With Messrs. Bush and Gore each having about $50 million of their own advertising behind them, one of them figured to seize on the ad message, the theme, the vision that would have touched and motivated more than 50.0001% of voters who turned out on Election Day. It didn't happen.

There's a reluctance here to criticize too strenuously these ad campaigns. They treated voters seriously. By and large, they had substance. They talked issues...and issues and issues. As national political ad campaigns go, they were civil. Little mud was flung. They generally avoided jingoism, blatant character assassination and appeals to fear and emotion. For those who are sick and tired of the nasty and negative in political ads, there was little in the official campaigns to gripe about.

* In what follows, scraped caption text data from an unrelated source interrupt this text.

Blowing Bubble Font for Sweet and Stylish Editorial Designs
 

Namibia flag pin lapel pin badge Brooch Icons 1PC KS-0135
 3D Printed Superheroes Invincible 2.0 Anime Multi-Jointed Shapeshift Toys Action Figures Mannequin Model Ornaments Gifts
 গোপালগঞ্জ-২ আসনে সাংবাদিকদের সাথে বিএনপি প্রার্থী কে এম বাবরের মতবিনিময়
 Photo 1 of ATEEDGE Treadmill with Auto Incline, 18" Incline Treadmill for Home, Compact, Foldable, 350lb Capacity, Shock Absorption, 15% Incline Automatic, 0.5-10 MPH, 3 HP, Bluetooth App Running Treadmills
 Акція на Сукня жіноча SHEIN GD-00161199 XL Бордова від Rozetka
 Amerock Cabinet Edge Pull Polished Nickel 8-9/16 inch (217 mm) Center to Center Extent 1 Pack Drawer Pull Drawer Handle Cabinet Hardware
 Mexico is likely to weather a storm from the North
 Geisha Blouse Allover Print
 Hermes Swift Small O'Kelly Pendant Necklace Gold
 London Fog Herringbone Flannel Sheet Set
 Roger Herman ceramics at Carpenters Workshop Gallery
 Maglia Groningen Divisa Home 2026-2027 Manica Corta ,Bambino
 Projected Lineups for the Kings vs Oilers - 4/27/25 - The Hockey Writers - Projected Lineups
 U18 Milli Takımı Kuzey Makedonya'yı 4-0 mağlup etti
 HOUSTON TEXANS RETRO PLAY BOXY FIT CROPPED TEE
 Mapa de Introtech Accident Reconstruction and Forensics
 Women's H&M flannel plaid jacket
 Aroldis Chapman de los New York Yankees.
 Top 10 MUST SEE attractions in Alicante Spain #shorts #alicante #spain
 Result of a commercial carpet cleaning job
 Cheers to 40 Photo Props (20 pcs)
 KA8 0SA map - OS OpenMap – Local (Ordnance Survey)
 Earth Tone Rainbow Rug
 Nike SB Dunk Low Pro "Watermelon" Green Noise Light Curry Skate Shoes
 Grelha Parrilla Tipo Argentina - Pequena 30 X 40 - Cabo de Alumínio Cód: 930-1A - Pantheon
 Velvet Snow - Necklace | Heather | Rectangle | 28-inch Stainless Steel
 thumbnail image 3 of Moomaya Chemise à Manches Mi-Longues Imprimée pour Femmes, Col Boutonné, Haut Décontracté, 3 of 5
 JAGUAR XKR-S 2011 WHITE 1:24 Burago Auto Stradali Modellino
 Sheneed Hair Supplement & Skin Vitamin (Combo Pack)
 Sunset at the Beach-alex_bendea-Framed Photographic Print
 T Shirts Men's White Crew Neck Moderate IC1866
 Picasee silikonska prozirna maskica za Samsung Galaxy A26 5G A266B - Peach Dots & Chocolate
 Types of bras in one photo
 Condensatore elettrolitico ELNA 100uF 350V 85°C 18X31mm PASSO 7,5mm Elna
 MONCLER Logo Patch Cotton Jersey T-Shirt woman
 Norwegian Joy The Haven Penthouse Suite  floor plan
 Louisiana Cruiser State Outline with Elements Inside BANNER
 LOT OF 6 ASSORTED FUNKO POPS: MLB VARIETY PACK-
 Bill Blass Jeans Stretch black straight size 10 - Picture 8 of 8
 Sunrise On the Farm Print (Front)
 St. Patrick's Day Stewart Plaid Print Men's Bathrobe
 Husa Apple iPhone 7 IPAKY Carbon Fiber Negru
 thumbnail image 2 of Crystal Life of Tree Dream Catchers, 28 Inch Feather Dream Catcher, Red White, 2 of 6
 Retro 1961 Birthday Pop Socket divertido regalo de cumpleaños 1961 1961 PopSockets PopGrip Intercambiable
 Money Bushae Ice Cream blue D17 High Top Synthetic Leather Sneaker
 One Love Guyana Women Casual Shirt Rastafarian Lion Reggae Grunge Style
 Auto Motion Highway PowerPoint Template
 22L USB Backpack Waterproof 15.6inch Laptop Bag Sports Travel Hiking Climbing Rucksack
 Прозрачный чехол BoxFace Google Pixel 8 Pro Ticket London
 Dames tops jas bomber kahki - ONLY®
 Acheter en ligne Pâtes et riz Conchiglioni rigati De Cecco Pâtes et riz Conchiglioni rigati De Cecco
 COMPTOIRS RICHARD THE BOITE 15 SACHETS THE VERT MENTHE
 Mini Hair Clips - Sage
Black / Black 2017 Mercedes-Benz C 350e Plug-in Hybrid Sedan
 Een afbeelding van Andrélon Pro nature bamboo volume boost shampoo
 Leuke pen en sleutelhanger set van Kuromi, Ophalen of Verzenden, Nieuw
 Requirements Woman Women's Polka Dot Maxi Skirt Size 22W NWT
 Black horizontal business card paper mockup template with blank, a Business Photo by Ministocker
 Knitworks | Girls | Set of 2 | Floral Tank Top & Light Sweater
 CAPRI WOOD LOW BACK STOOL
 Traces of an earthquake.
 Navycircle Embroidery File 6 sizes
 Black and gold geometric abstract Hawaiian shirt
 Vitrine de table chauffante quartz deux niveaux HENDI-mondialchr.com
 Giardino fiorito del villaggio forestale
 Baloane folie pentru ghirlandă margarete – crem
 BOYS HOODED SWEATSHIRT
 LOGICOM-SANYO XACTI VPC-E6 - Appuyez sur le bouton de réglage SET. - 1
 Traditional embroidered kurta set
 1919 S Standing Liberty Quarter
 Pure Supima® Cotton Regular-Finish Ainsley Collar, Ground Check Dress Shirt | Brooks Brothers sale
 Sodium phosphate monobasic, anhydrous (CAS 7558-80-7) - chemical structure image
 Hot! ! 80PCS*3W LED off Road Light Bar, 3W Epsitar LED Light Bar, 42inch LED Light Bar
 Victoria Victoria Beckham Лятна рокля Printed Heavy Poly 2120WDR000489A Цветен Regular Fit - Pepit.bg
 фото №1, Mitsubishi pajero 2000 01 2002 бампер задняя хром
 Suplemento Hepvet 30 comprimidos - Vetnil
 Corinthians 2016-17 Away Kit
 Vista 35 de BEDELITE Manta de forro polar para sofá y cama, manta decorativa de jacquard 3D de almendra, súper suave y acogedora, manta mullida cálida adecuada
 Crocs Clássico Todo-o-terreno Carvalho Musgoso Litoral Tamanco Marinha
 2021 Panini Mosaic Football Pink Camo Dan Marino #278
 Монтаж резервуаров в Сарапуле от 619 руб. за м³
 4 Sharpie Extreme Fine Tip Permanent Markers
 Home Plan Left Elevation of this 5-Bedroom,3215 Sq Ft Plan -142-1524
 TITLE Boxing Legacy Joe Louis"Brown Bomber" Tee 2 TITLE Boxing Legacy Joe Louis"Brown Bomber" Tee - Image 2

But they failed to move a respectable majority to make the right purchase on Election Day. And that in politics is the measure that counts.

Equally as important is the question of how deeply campaign ads are penetrating the voter marketplace. We know about "mobilizing your base." The Bush base and the Gore base neutralized one another. Who was getting the first-time voter? Or the voter who gave up on politics but was moved by a candidate or candidate ad to come out on Election Day?

The evidence here is not good at all. According to preliminary calculations, 50.7% of the eligible electorate voted-barely higher than 1996, a year of historic low turnout. As Gov. Bush and Vice President Gore agonized over a few hundred votes, think of the millions that were never cast. If that isn't a failure of advertising to sell, we don't know what is.